*WORK TO BE COMPLETED*. A picture-free, exact copy of all the records below is the goal.

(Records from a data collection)
>>>>

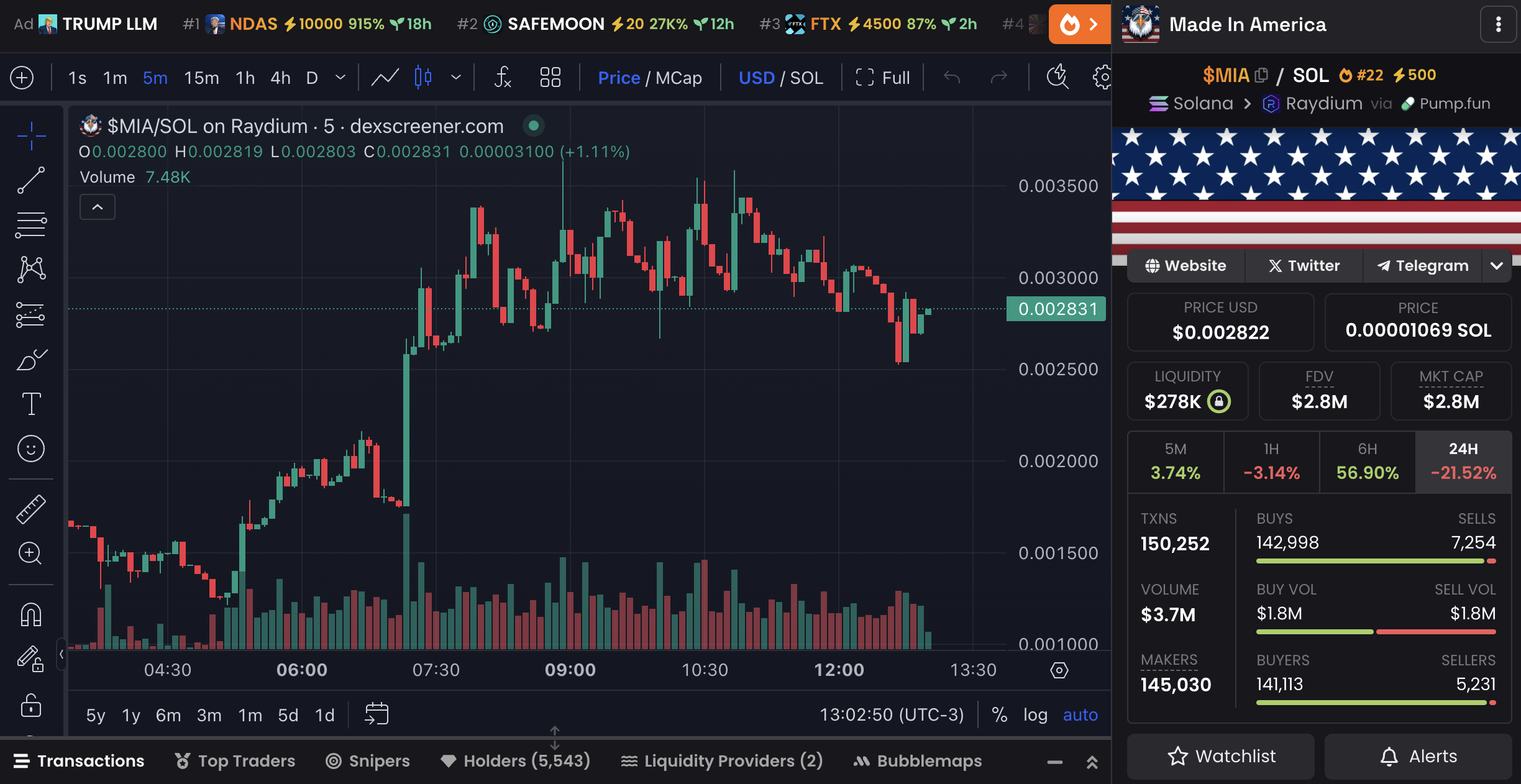 MIA Price Chart and Market Data.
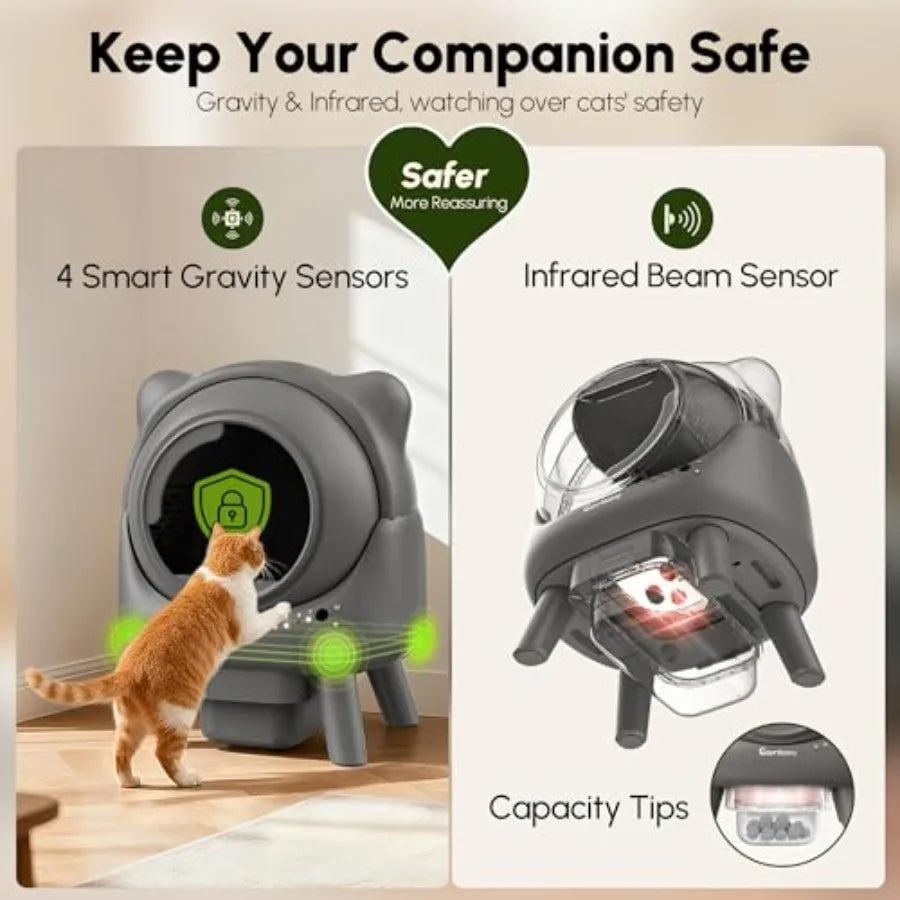 Automatic Litter Box, Self-Cleaning Litter Box, Cat Robot for Multiple Cats, with Smart APP Control and Health Monitoring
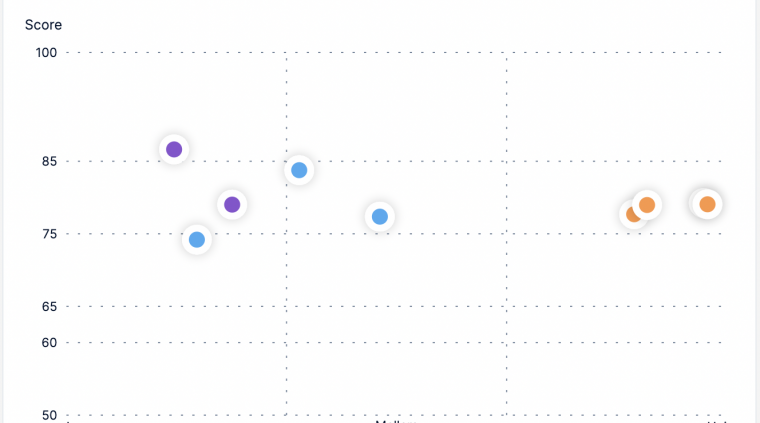 Golfspilleren i Centrum webinar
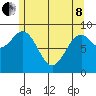Coronation Island tide chart for Sunday, May 8, 2022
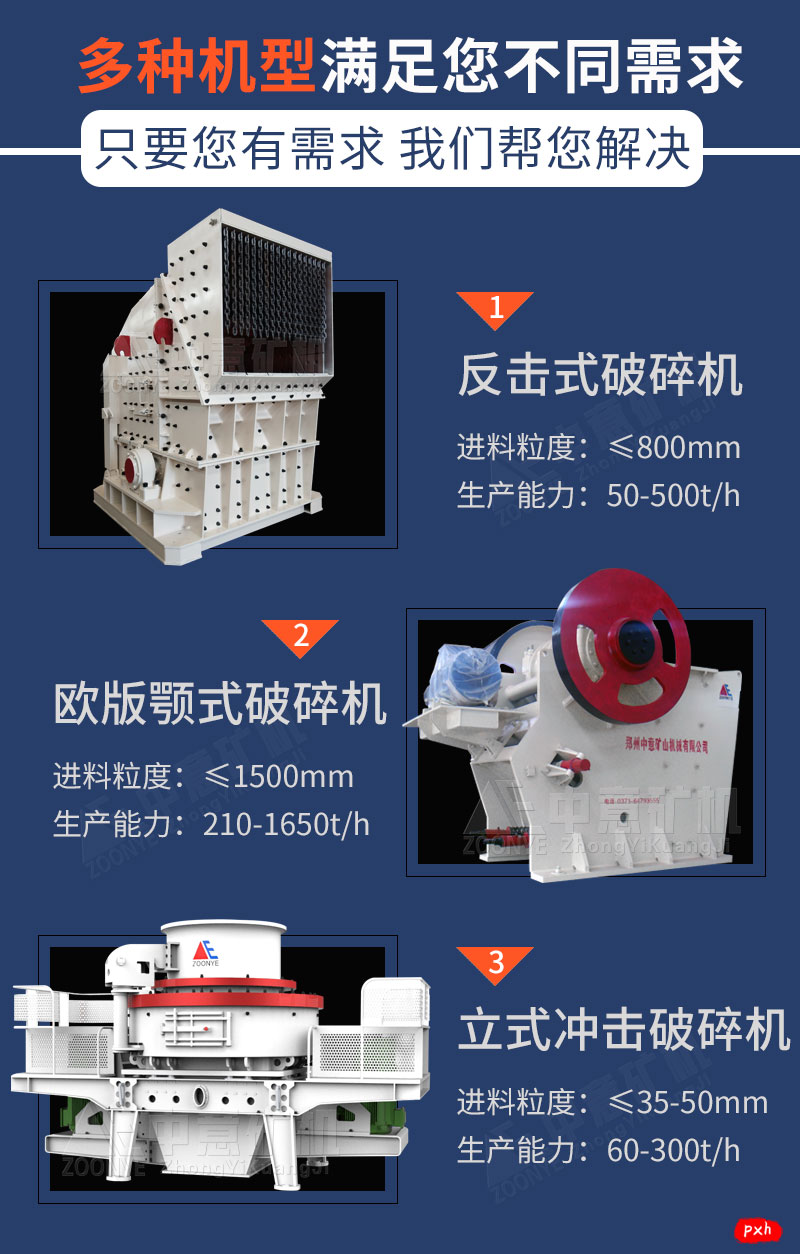 建筑垃圾移動(dòng)破碎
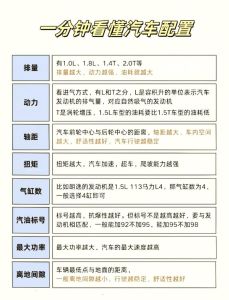 买车需要看的八大参数_动力油耗轴距怎么选？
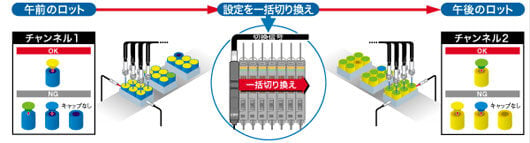 データバンクチャンネル切換ユニット FX-CH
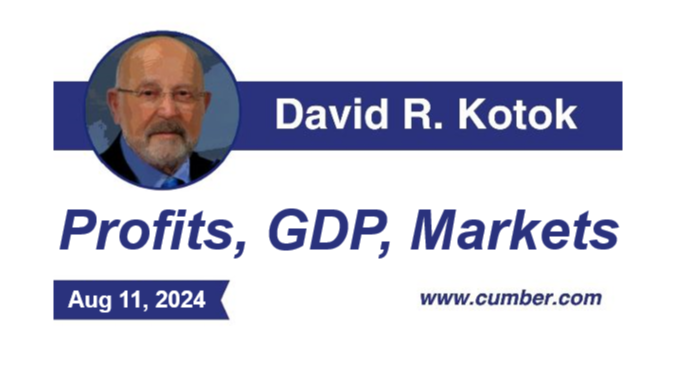 Profits, GDP, Markets
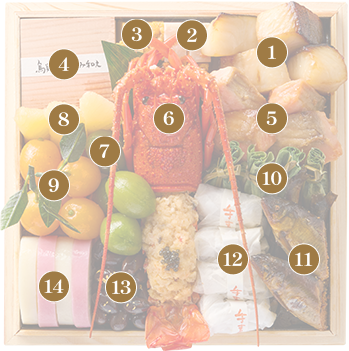 画像：お品書き番号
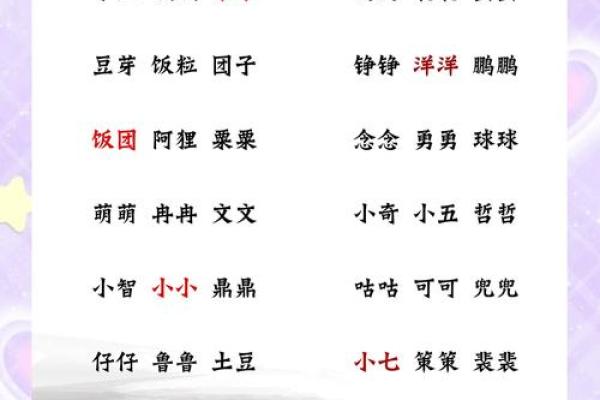 农历四月牛宝宝取名技巧,起名吉祥字分享姓名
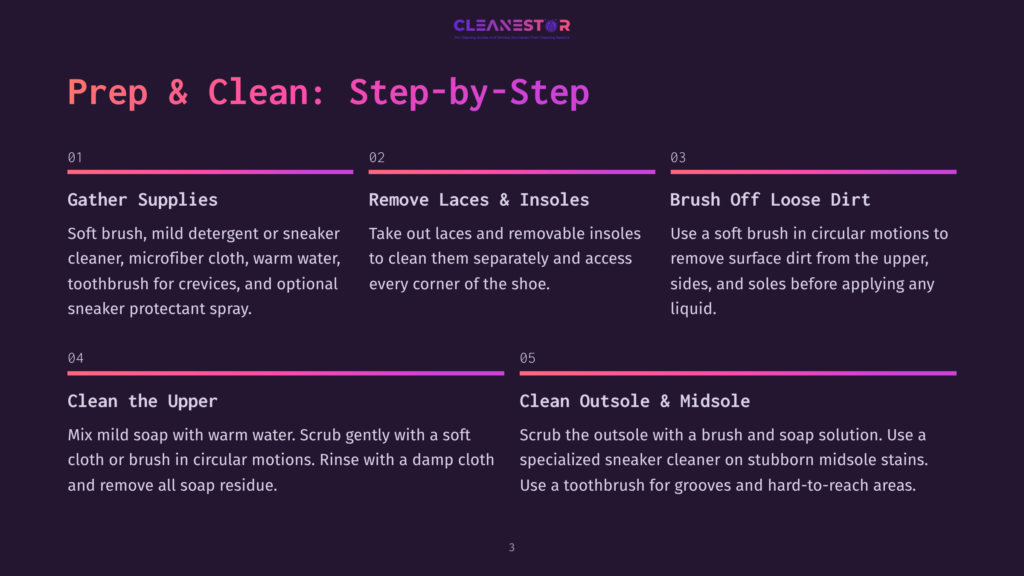 Cleanestor Step-By-Step Guide For Cleaning Sneakers: Gather Supplies, Remove Laces, Brush Off Loose Dirt, Clean The Upper, And Clean The Outsole &Amp; Midsole.
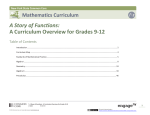 geometry curriculum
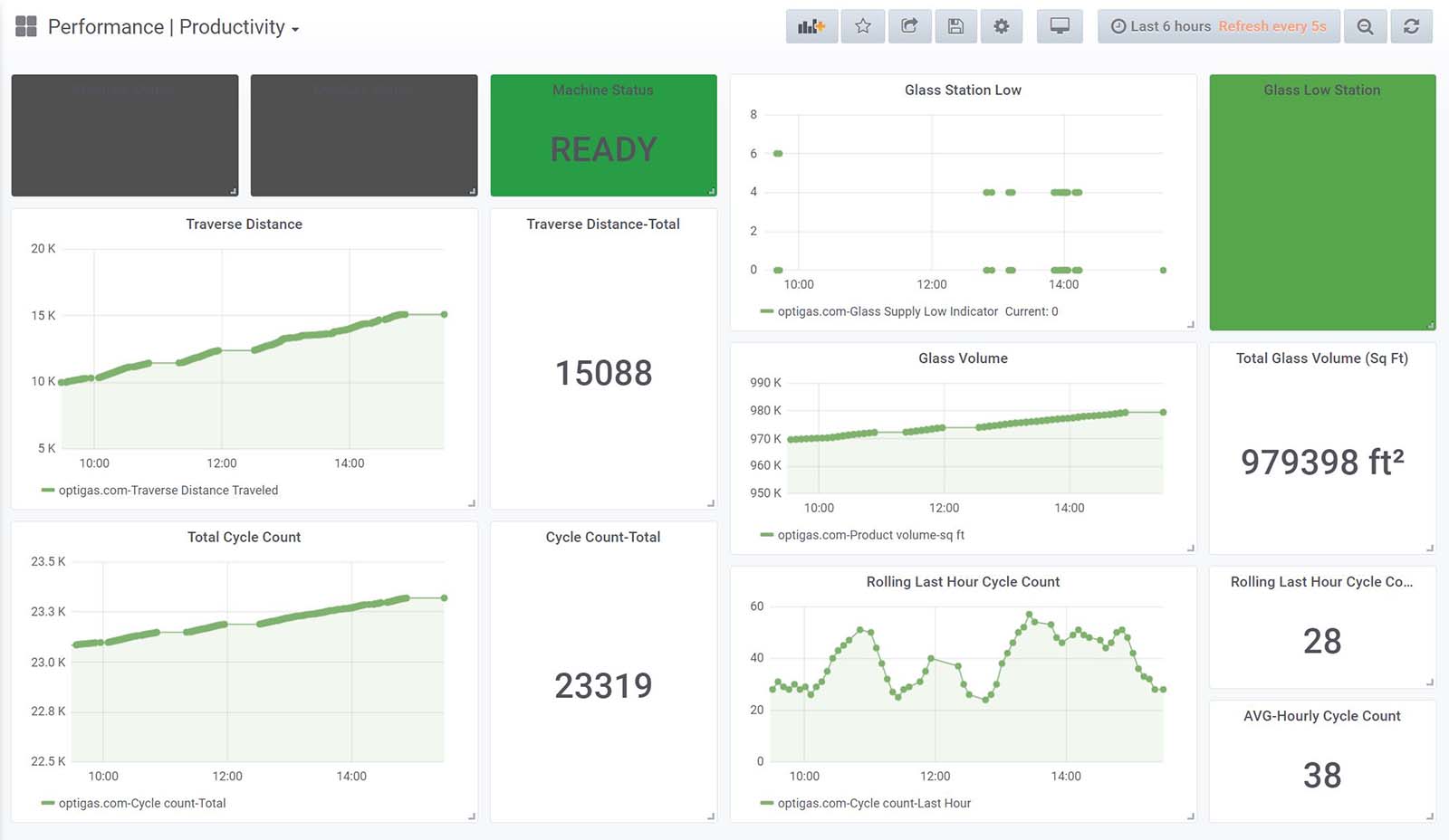 IAS Smart Machine Monitoring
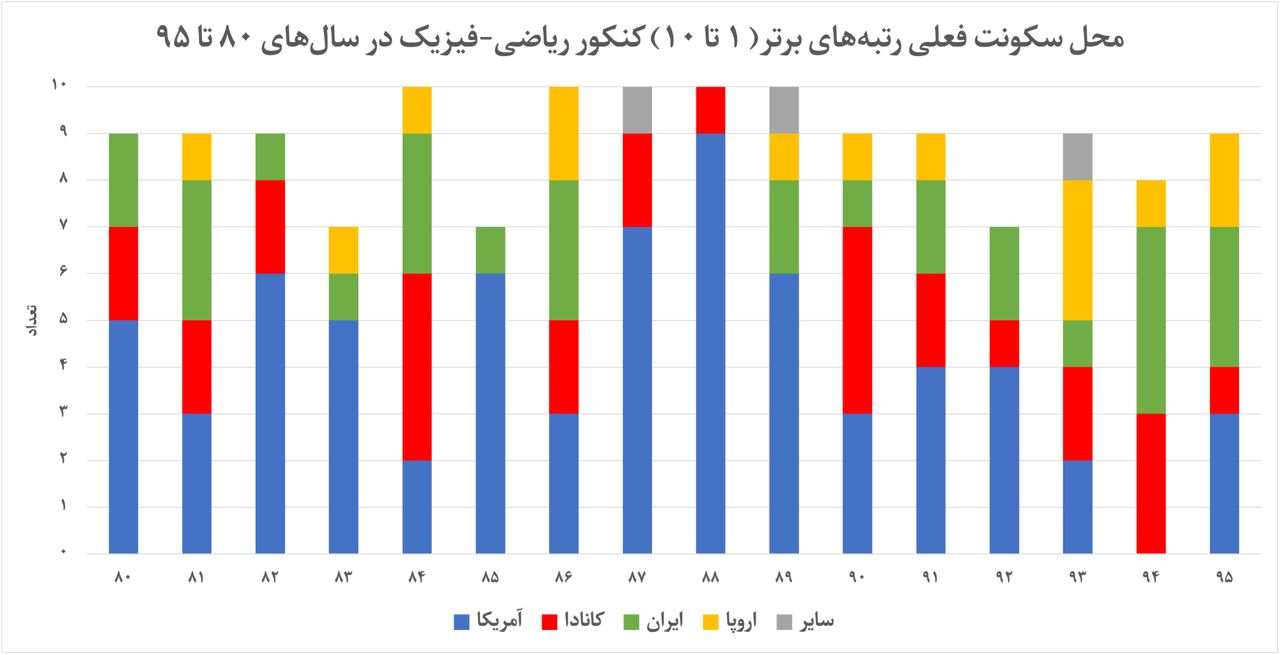 فکر میکنید رتبههای برتر کنکور در ۱۰ سال گذشته الان کدام کشورها زندگی میکنند؟/ عکس
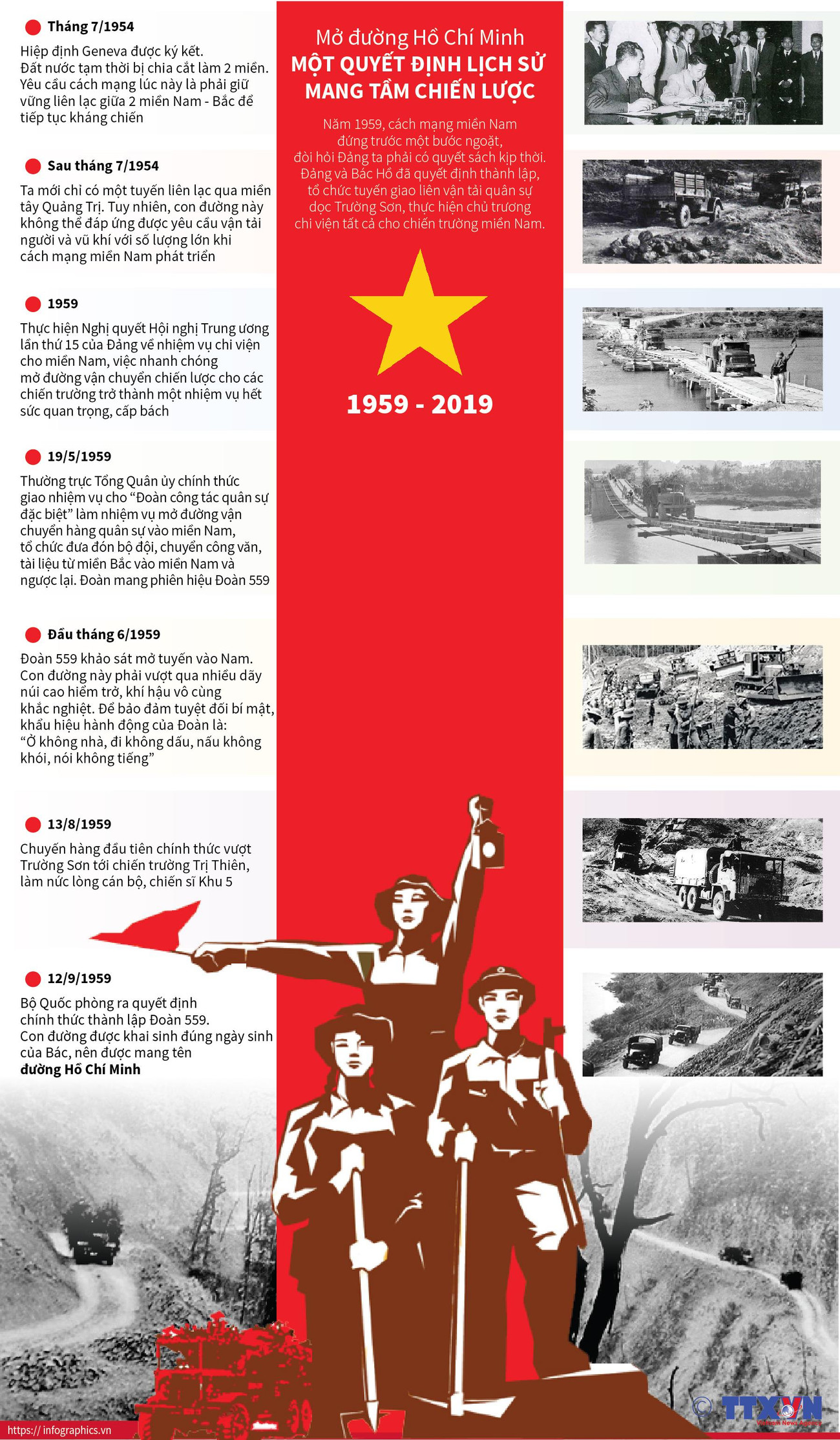 [Infographics] Mở đường Hồ Chí Minh - Quyết định lịch sử chiến lược ảnh 1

<<<<

*ANSWER SPACE*.
 MIA Price Chart and Market Data.
 Automatic Litter Box, Self-Cleaning Litter Box, Cat Robot for Multiple Cats, with Smart APP Control and Health Monitoring
 Golfspilleren i Centrum webinar
Coronation Island tide chart for Sunday, May 8, 2022
 建筑垃圾移動(dòng)破碎
 买车需要看的八大参数_动力油耗轴距怎么选？
 データバンクチャンネル切換ユニット FX-CH
 Profits, GDP, Markets
 画像：お品書き番号
 农历四月牛宝宝取名技巧,起名吉祥字分享姓名
 Cleanestor Step-By-Step Guide For Cleaning Sneakers: Gather Supplies, Remove Laces, Brush Off Loose Dirt, Clean The Upper, And Clean The Outsole &Amp; Midsole.
 geometry curriculum
 IAS Smart Machine Monitoring
 فکر میکنید رتبههای برتر کنکور در ۱۰ سال گذشته الان کدام کشورها زندگی میکنند؟/ عکس
 [Infographics] Mở đường Hồ Chí Minh - Quyết định lịch sử chiến lược ảnh 1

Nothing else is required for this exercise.